Tuesday 28 November 2017

Waiting for Twelfth Night Cake

Christmas celebrations in Georgian times featured Twelfth Night Cake, a rich fruit cake which was eaten on the feast of the Epiphany on 6 January. Visitors to the Georgian Christmas at Cusworth Hall Doncaster didn’t seem too keen to wait till January to taste this scrumptious cake, so they had an early taste in the Great Kitchen, along with other Georgian Christmas Baking treats. I’d adapted a recipe from John Mollard’s 1803 edition of ‘The Art of Cookery’ .
Twelfth Night Cake
225g/8oz butter
225g/8oz dark muscovado sugar
1 tablespoon black treacle
4 eggs
225g/8oz plain flour
1 teaspoon each of mixed spice, cinnamon and ground nutmeg
225g/8oz each of raisins, currants and sultanas
50g/2oz chopped mixed peel
50g/2oz glacé cherries
50g/2oz ground almonds

Preheat the oven to 160/325F/Gas 3. Line a 20 cm/8 inch round cake tin. Cream the butter and sugar together until light and fluffy and mix in the treacle. Whisk the eggs lightly and then add them gently to the creamed mixture, followed by the flour and spices. Stir in the dried fruit, mixed peel, cherries and ground almonds and mix well. Then place the mixture into the cake tin. Bake in the centre of the oven for about 1½ hours until the cake is firm and a cake skewer inserted into the centre comes out clean. Leave the cake in the tin until cool then turn out and cover with foil until ready to decorate. The cake can be decorated with marzipan and royal icing or left plain as desired.
It looks and tastes a lot like Christmas Cake but there’s an important difference. It was the custom to bake a dried bean and pea in each side of the cake and serve the cake in two halves one for ladies and the other for the gentlemen. Whoever found the bean and the pea became King and Queen for the night. 
We had some visitors from Spain who told us they had the same tradition with the bean in their splendid ‘Roscon de Reyes’.
I’ve tasted the magnificent ‘Galette des Rois’ which is an almond cake made with puff pastry which also has a (ceramic) bean baked inside. 
 

It was thumbs up all round for the Georgian Twelfth Night Cake. I think the Georgians had the right idea just like our Spanish and French friends to round off the Christmas celebrations with this great tradition. Once the wrapping is recycled, the decorations taken down, and the Christmas lights switched off, throw off the gloom of January with a piece of Twelfth Night Cake. Good luck -you could be a King or Queen for the day! 

Monday 6 November 2017

Rock on, Tommy with Emma’s Rock Buns

Rock Buns or Cakes are that curious relative of scones, similar in appearance and sharing the key ingredient of dried fruit. Originally designed as a teatime treat, they proved popular because the ingredients were fairly cheap. The ‘rock’ refers to their rough surface rather than the texture.
They were loved by soldiers in World War 1  amongst other recipes from the Home Front  and promoted by the Ministry of Food in World War 2 rationing, as they could be made with reduced sugar and fewer eggs than other bakes. 

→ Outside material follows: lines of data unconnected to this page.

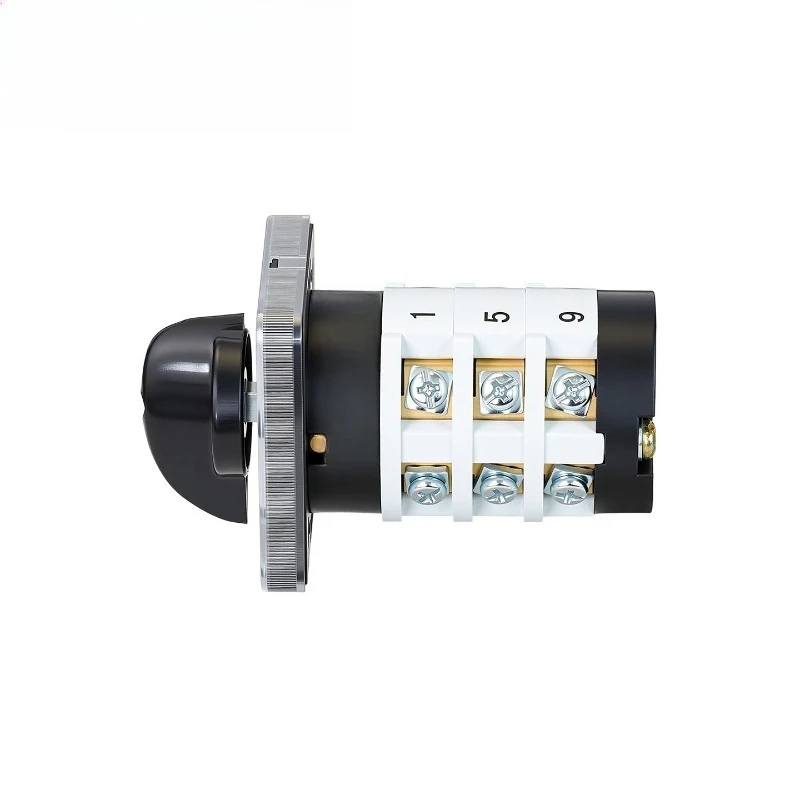Universal Rotary Changeover Switch 20A Cam Switch Replacement for LW31 GLE9 EP
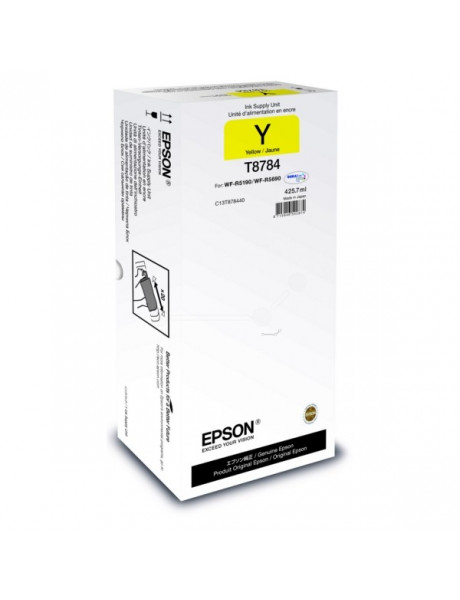 Epson C13T878440 | Ink Cartridge | Yellow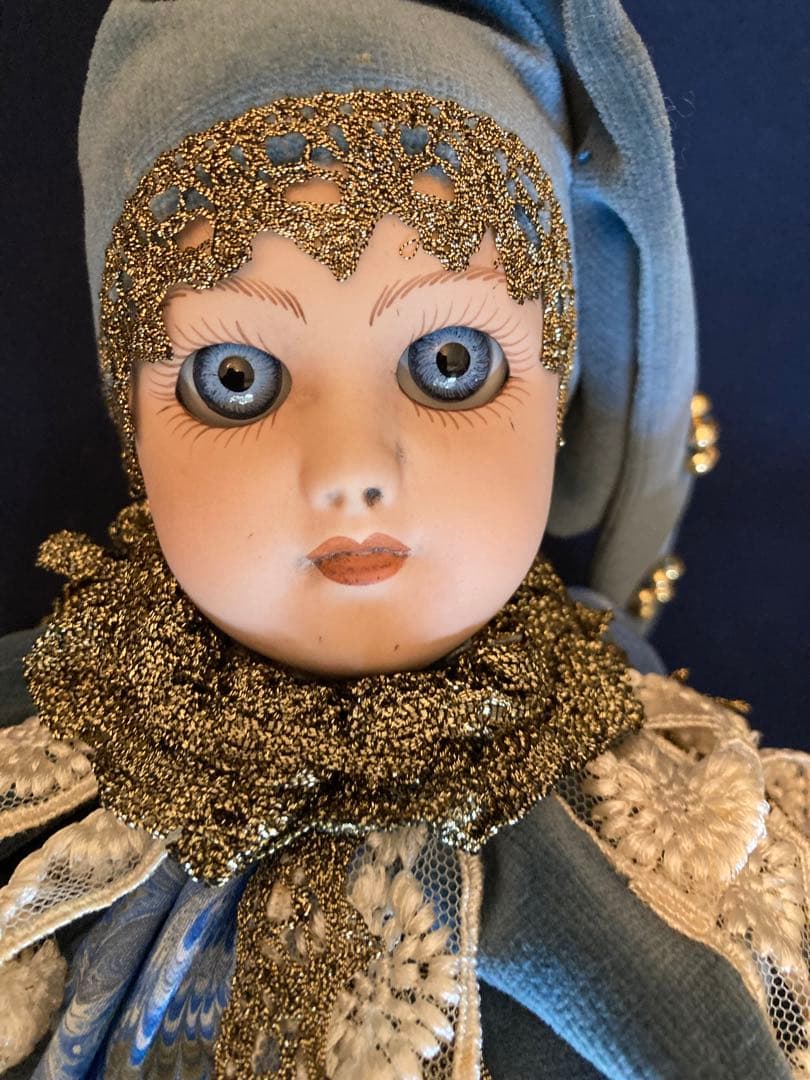 イタリアビスクドール40センチ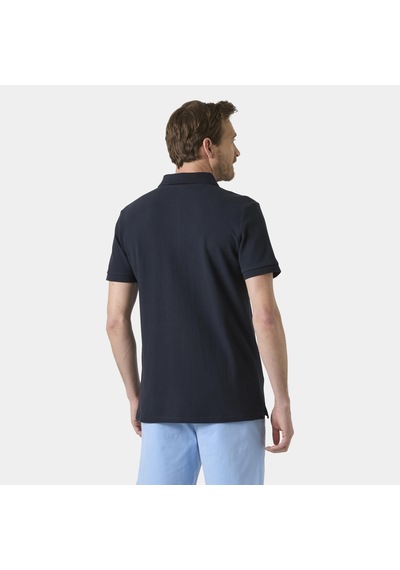 Helly Hansen Hudson Polo Erkek T-shirt Hha.54543 Navy
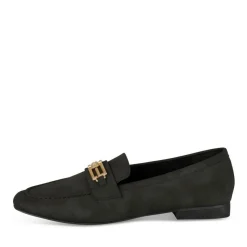 Mocassins ZWART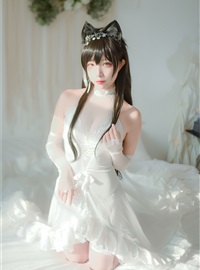 Meow sugar image Vol.100 wedding dress(23)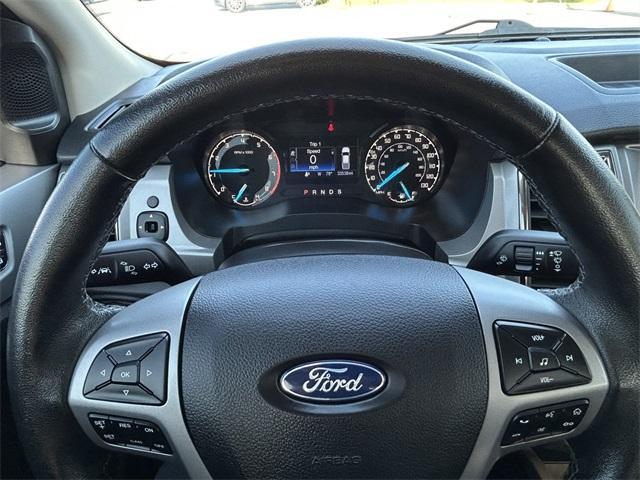 used 2023 Ford Ranger car, priced at $32,488
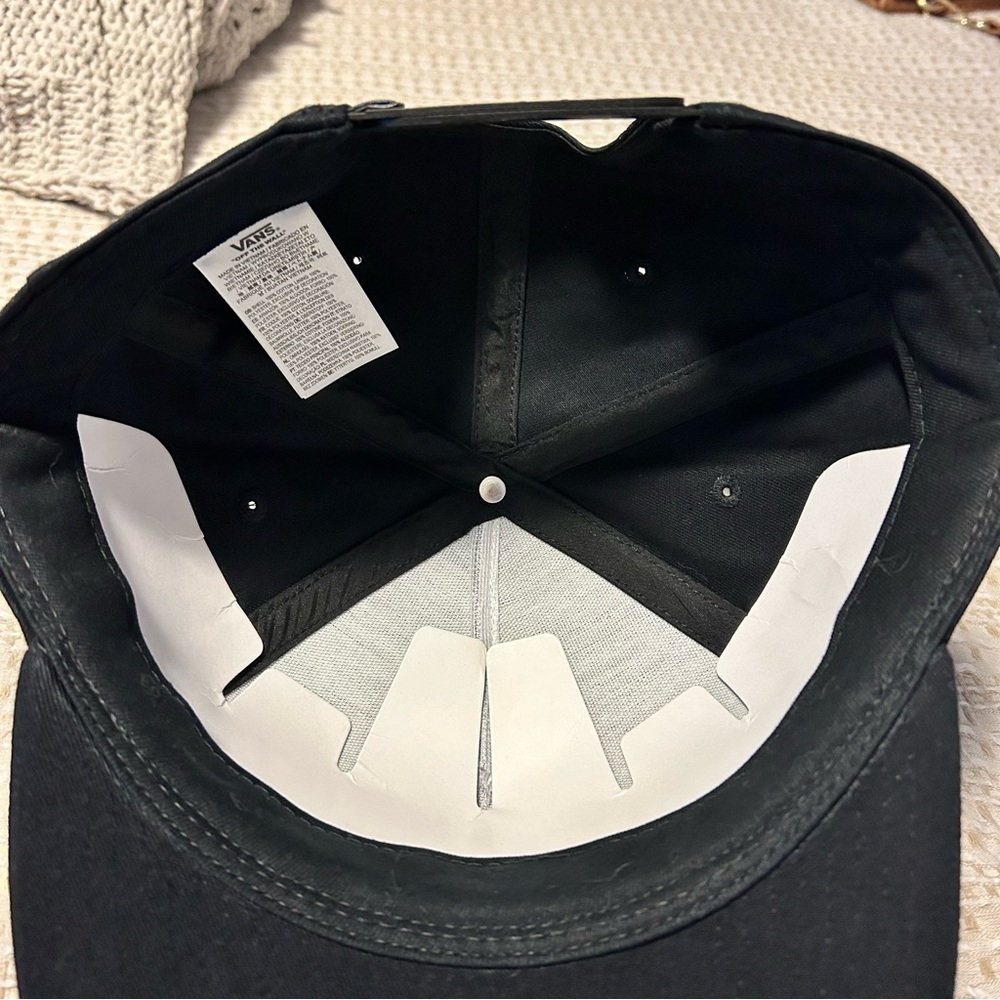 Vans Hat-NWOT - Picture 4 of 7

Many families had their own recipe Rock Buns or Rock Cakes and ours was no exception. It was my Grandma’s sister, Emma who provided the trusted family recipe for Rock Buns. It was her signature bake!
Emma, Jim, cousin baby Elaine and me
My great aunt Emma, seen here with her husband, Jim in their garden had a recipe for Coconut Rock Buns where 4oz/110g desiccated coconut replaced the dried fruit. I remember eating these and Rock Buns during the 1950s when we stayed with at her home in Manchester every summer holiday.
Rock Buns
12oz/340g plain flour
2 tsps baking powder
4oz/110g butter or lard
Pinch of salt
4oz/110g sugar
4oz/110g currants or raisins
2 eggs
1 teacupful of milk

Sieve the baking powder with the flour. Rub the fat into flour and salt then add the sugar and the fruit. Beat the eggs and add these to the mixture with the milk. Mix well. Put on a greased tin or on greased baking sheets and shape into small rocky heaps with two forks. Bake for 20 minutes in a fairly hot oven.  (400F, Mark 6, 200C)


Mrs Beeton's Everyday Cookery and Housekeeping 
The Best Way
Rock Buns been around since at least Victorian times. They feature in Mrs Beeton’s Everyday Cookery and Housekeeping book 1861 and The Best Way cookery book 1907, not forgetting their starring role in the station tearoom in the 1945 film 'Brief Encounter''. 
Back in World War 1, Rock on, Tommy - but is it a bun or a cake?